As ISIS loses ground in the Middle East, it is calling on supporters to conduct lone-wolf attacks, and South-east Asia will soon see an increased flow of returning fighters.
“We must continue to be vigilant and pursue deeper cooperation in counter-terrorism,” said Prime Minister Lee.
The Philippines, Indonesia and Malaysia are already holding joint maritime and air patrols in the Sulu Sea, but experts have said more needs to be done to stem the flow of militants and terror funding by sharing intelligence and resources.
Duterte also cited the problems of piracy and drug trafficking, saying: “Piracy and armed robbery in the seas put a dent on our growth and disrupt the stability of both regional and global commerce.”
Touching on the “menace of the illegal drugs trade”, he said it “continues to endanger the very fabric of our society”.

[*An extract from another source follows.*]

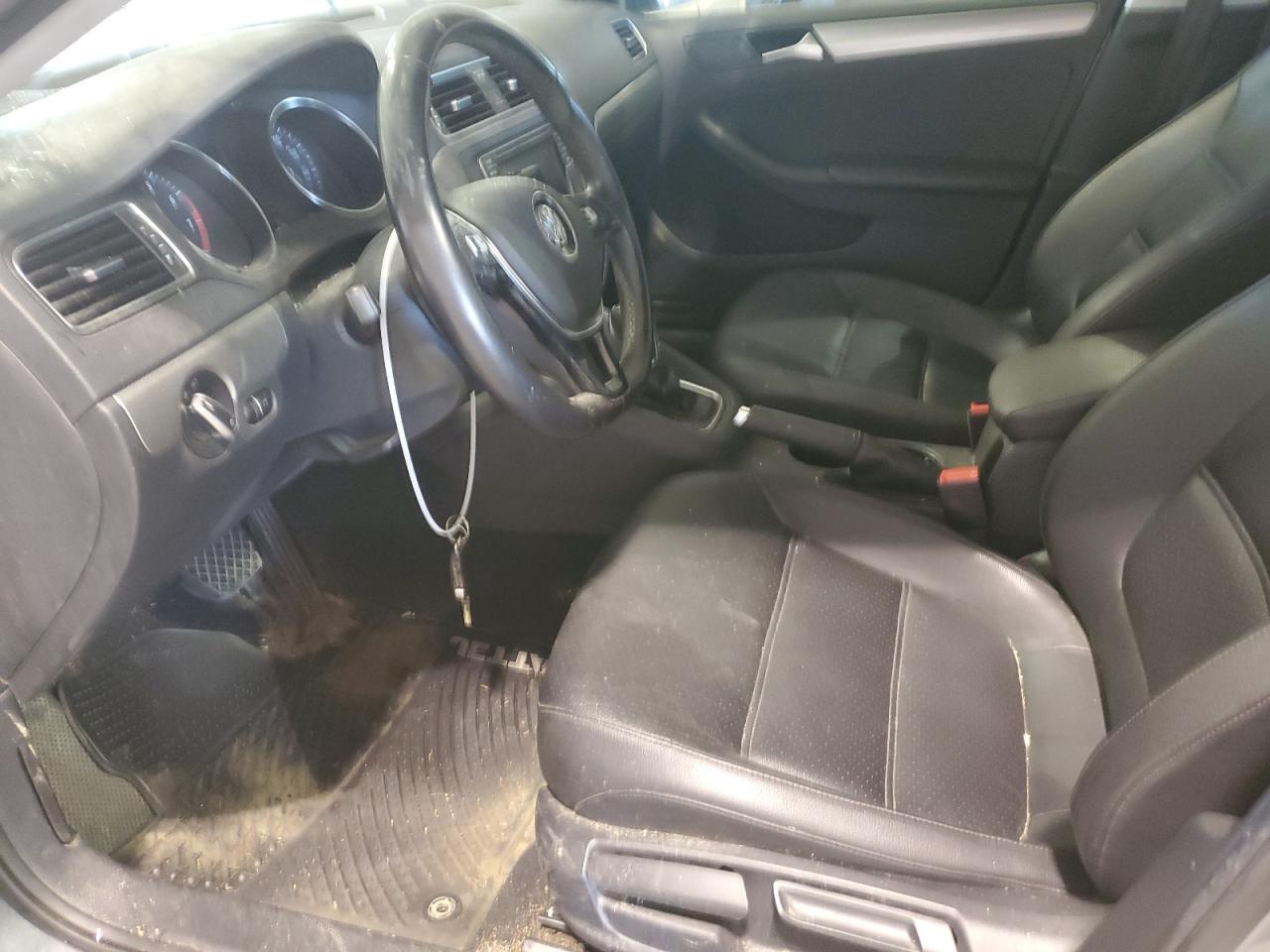 3VWDB7AJ7HM279237 2017 Volkswagen Jetta Se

The issue of North Korea’s recent nuclear and missile tests was also raised, with Prime Minister Lee reiterating the need to continue to call on Pyongyang to abide by international obligations and commitments.
Yesterday, Asean leaders met among themselves before separate summits with United States President Donald Trump, Chinese Premier Li Keqiang, South Korean President Moon Jae In and Japanese Prime Minister Shinzo Abe.
One key theme was the need for Asean members to stay united on key issues affecting the region.
Trump reiterated his commitment to ensuring “fair trade”, as Asean leaders spoke of the importance of warm Asean-US ties.
Leaders of Asean and China announced the start of talks on a code of conduct in the South China Sea, calling for its early conclusion.
“While the situation is calmer now, we cannot take the current progress for granted,” Asean leaders said in a statement Prime Minister Lee read. Managing the issue well will keep ties on the current positive trajectory, he added. Li said Beijing was committed to be a good neighbour, friend and partner to Asean.
Also raised was the ongoing crisis in which over 600,000 Rohingya have fled Myanmar’s Rakhine state for Bangladesh. Duterte’s spokesman Harry Roque said two Asean members raised the issue, and Myanmar welcomed offers of humanitarian aid for the displaced.
Security issues will also be raised at the East Asia Summit today (Nov 14).